Outras Índias - Jardim das delícias - site Revista da Cultura
Kenneth Branagh em um Shakespeare ao sol da Toscana para afugentar
meus moods melancólicos, personagens
sempre tão angustiados e desencontrados... Porque o ano ainda só começa e que,
apesar da incerteza do porvir, seja sempre possível “hey nonny, nonny”... Ainda que a resposta ao “Vem?....”, convite do
afeto, não seja um “sim” em gestos ou palavras, em um tímido sorriso de largo
contentamento...
“Sigh no more, ladies, sigh no more.
Men were
deceivers ever,
One foot in sea, and one on shore,
To one thing
constant never.
Then sigh not so, but let them go,
And be you blithe
and bonny,
Converting all your sounds of woe
Into hey nonny,
nonny.”
"Sigh no more", de “Muito
barulho por nada”, de William Shakespeare
Apesar do medo, ela sorri.
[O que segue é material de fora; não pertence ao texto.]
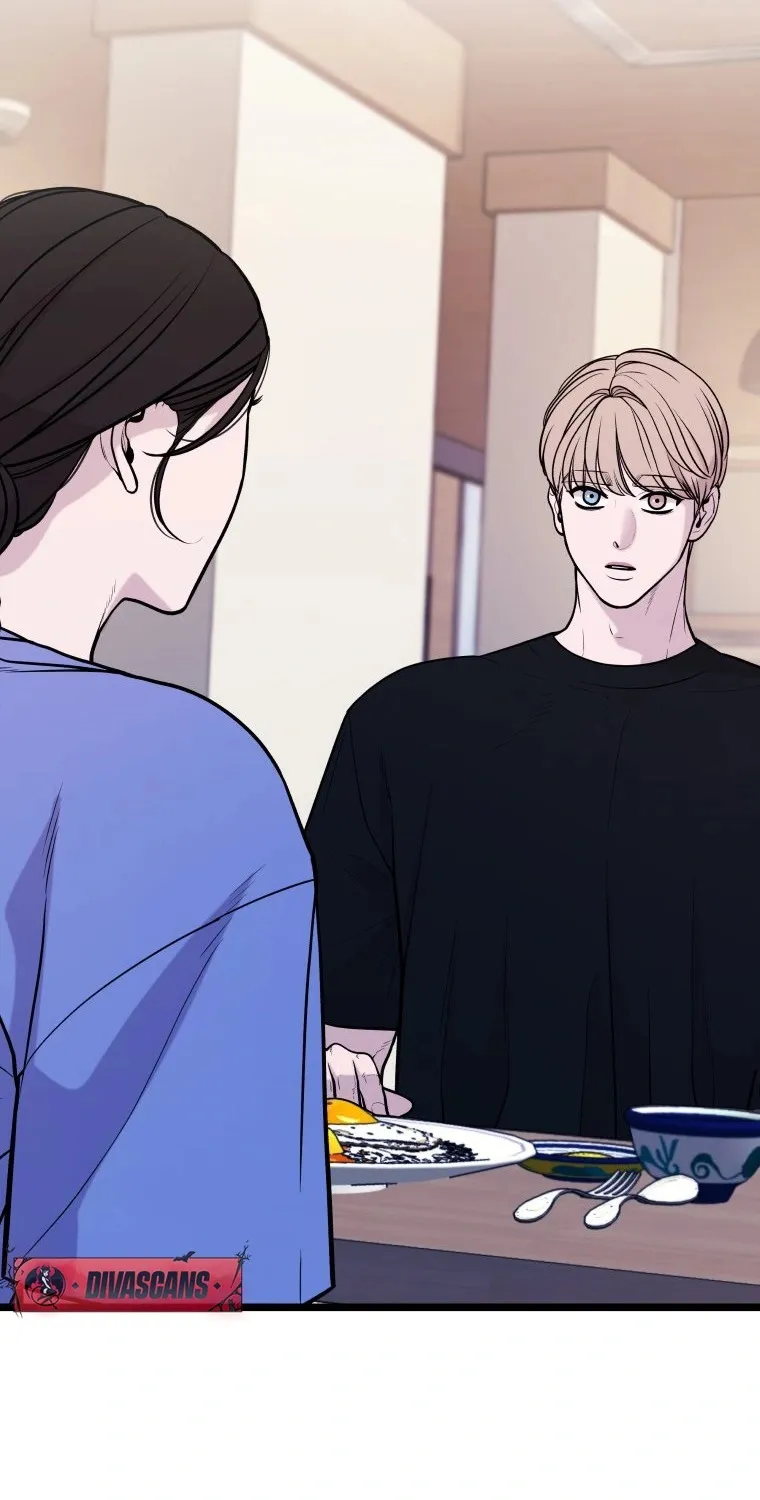 Complete Conquest Chapter 17 page 91 -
Vai deixar
acontecer. Ele, de novo em sua vida. Ele, o afeto. Mesmo se já houve tanto. Antes.
Gestos bruscos. Palavras ríspidas. Cálculos e latitudes equivocadas em
navegações colombinas. Súbito, todo um continente no meio do caminho. Agora,
astrolábio na mão, um novo céu de estrelas-guias. É no que ela quer acreditar.
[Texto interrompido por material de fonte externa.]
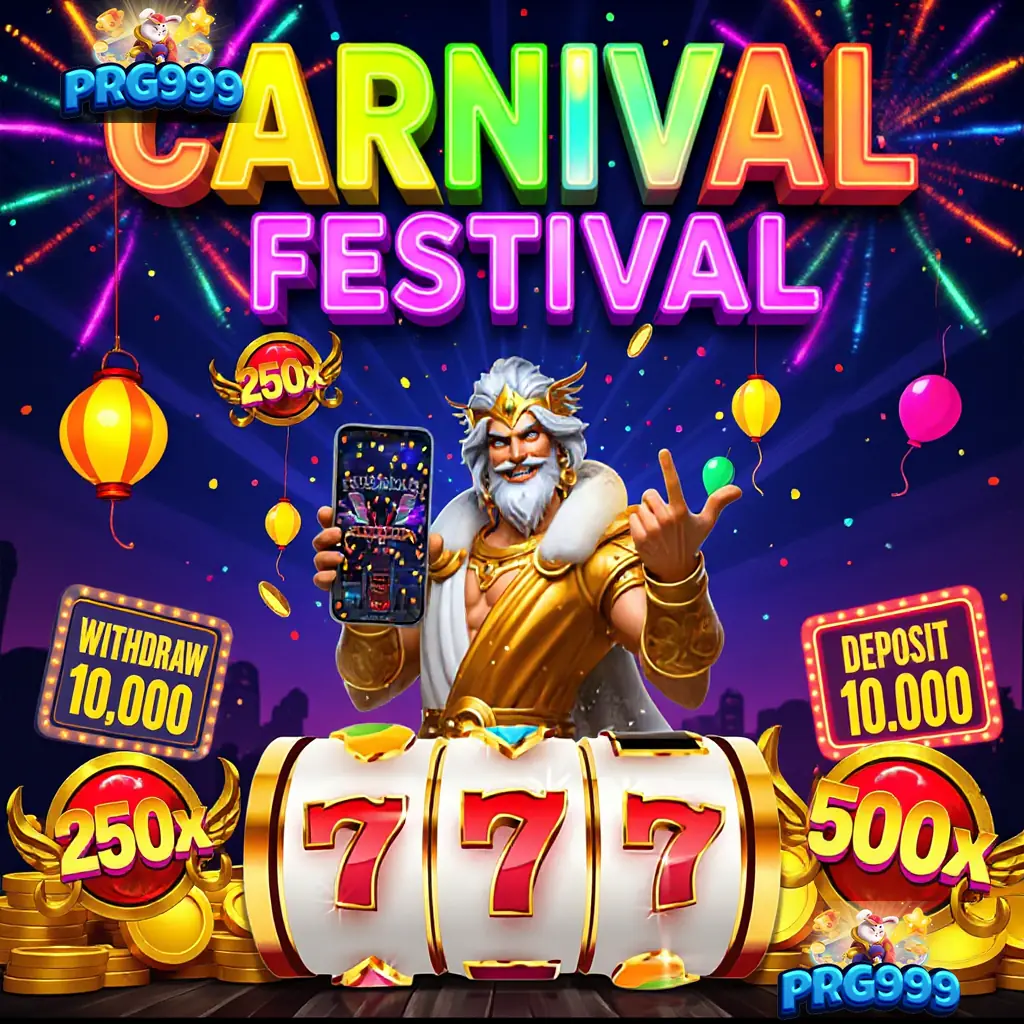 Logo Baru PRG999 Apk Slot Login Katalog Eksklusif Jakarta Time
Na chance de um descobrimento. Terra nova. E por isso, ela então sorri. Sim. À frase menos pergunta, mais
convite.
Homem e mulher ao mar. À vista, quem
sabe afeto. Ainda incerto, longe demais para olhos nus. Dóceis, cogitam porto. Apesar
dos recuos e avanços. Lunares. No outro, costa salgada a ser de novo lambida por
suas ondas. Ainda que ancoragem segura seja impossível. Ainda que um pé teime
em permanecer em alto-mar. Sim. Apesar
das tempestades e tormentas. Do antes. Do inevitável arrependimento. Do olhar para
trás sem encontrar real motivo. Para desistir, separar. Do olhar para trás certos
de que um único gesto teria bastado. Sim. O braço estendido na direção do outro.
A mão sobre o ombro. Uma calmaria. Schhh...
Um então aproximaria sua face. Uma carícia sobre o dorso da mão do outro.
Afago sentido como súplica. Por favor...
Se podiam deter tanto da fragilidade que só a afeição é capaz de produzir.
Por favor...
Antes. Sem fazer gesto algum. Sem
tocar o ombro, sem haver carícia. Imóveis, permitiram a partida. Um da vida do
outro. Mais de uma vez. Não desta. Apesar do calar da mulher. Das palavras entocadas
em seu porão, jogadas de um lado para o outro por suas próprias tormentas. Mas
esta mulher podia agora ser outra. Sobrevivente, shakespereana. Disposta a
cantar e dançar. Hey, nonny, nonny... Ainda
que a visão venha a se turvar de lágrimas. Ainda que haja necessidade de resgate.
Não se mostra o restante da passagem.